Freie Fahrt
Prager Stadttunnel soll noch in diesem Jahr eröffnet werden
1. 10. 2014 - Text: Marcus HundtText: Marcus Hundt; Foto: Honza Groh
Die Bauarbeiten am längsten Stadttunnel Europas sind am Dienstag offiziell beendet worden. Für den Autoverkehr wird er voraussichtlich Anfang Dezember freigegeben. Dass das unterirdische Straßennetz im Prager Nordwesten erst in zwei Monaten genutzt werden kann, hat vor allem Sicherheitsgründe. Projektant Ludvík Šajtar rechnet pro Jahr mit bis zu 260 „außerplanmäßigen Vorkommnissen“. „Um auf Unfälle und Brände ausreichend vorbereitet zu sein, müssen wir sämtliche Szenarien durchspielen“, sagt Šajtar. Bei einem dieser Tests in der vergangenen Woche kollidierte ein voll besetzter Reisebus mit zwei in Brand geratenen Pkw. An der Übung mit etwa 50 Statisten nahmen auch Feuerwehrleute, Polizisten und Sanitäter teil.

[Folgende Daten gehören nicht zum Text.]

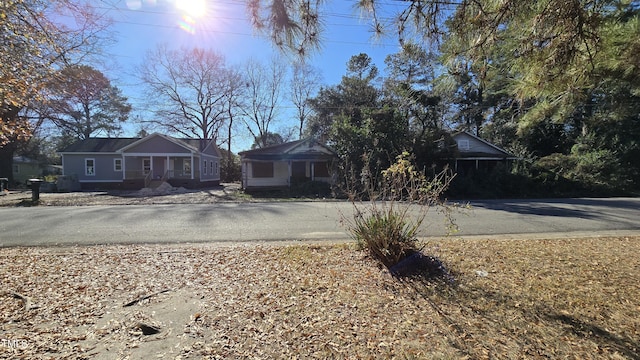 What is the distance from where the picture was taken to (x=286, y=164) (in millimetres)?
23625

Wer die Bauarbeiten am Tunnel verfolgt hat, wird den für die Sicherheitstests festgelegten Zeitraum wahrscheinlich als kurz empfinden. Denn ursprünglich sollte das nach dem tschechischen Frauennamen Blanka benannte Projekt bereits vor drei Jahren abgeschlossen werden. Falsche Berechnungen, Erdrutsche, polizeiliche Ermittlungen wegen des Verdachts auf Wettbewerbsverzerrung und Veruntreuung öffentlicher Gelder – die Liste der Gründe, warum sich die Fertigstellung immer wieder verzögerte, ist lang. Ende vergangenen Jahres hatte ein Streit zwischen dem Unternehmen Metrostav und der Stadt Prag die im Sommer 2007 begonnenen Bauarbeiten zum Erliegen gebracht. Fünf Monate lang war auf der Baustelle kein Handschlag gerührt worden. Die Baufirma argumentierte, der Magistrat habe offene Rechnungen nicht beglichen, der Auftraggeber behauptete sogar, der Vertrag mit Metrostav sei aufgrund juristischer Fehler ungültig. Nachdem das Schiedsgericht der Tschechischen Wirtschaftskammer im April dieses Jahres die Fortsetzung der Bauarbeiten angeordnet hatte, wurde in der vergangenen Woche das endgültige Urteil gesprochen: Die Stadt muss sämtliche Schulden begleichen, insgesamt 5 Milliarden Kronen (umgerechnet etwa 182 Millionen Euro).
Teure Baustelle
Das Blanka-Projekt kommt der Stadt nicht nur wegen dieser Nachzahlung teuer zu stehen. Die ehemalige Regierung um Oberbürgermeister Pavel Bém (ODS) hatte die Gesamtkosten bei Baubeginn noch auf 21 Milliarden Kronen veranschlagt. Sieben Jahre später hat sich diese Rechnung auf rund 37 Milliarden Kronen (etwa 1,3 Milliarden Euro) erhöht, sie fällt also 57 Prozent höher aus als ursprünglich geplant. Angeblich hätte schon damals klar sein müssen, dass die Kosten für den längsten Tunnelbau in Tschechien deutlich höher ausfallen würden – zumindest behauptet das die amtierende Stadtregierung. Der stellvertretende Oberbürgermeister Jiří Nouza (TOP 09) geht sogar davon aus, die damalige Regierung habe die tatsächlichen Kosten bewusst verheimlicht, aus Rücksicht auf die eigenen Wähler.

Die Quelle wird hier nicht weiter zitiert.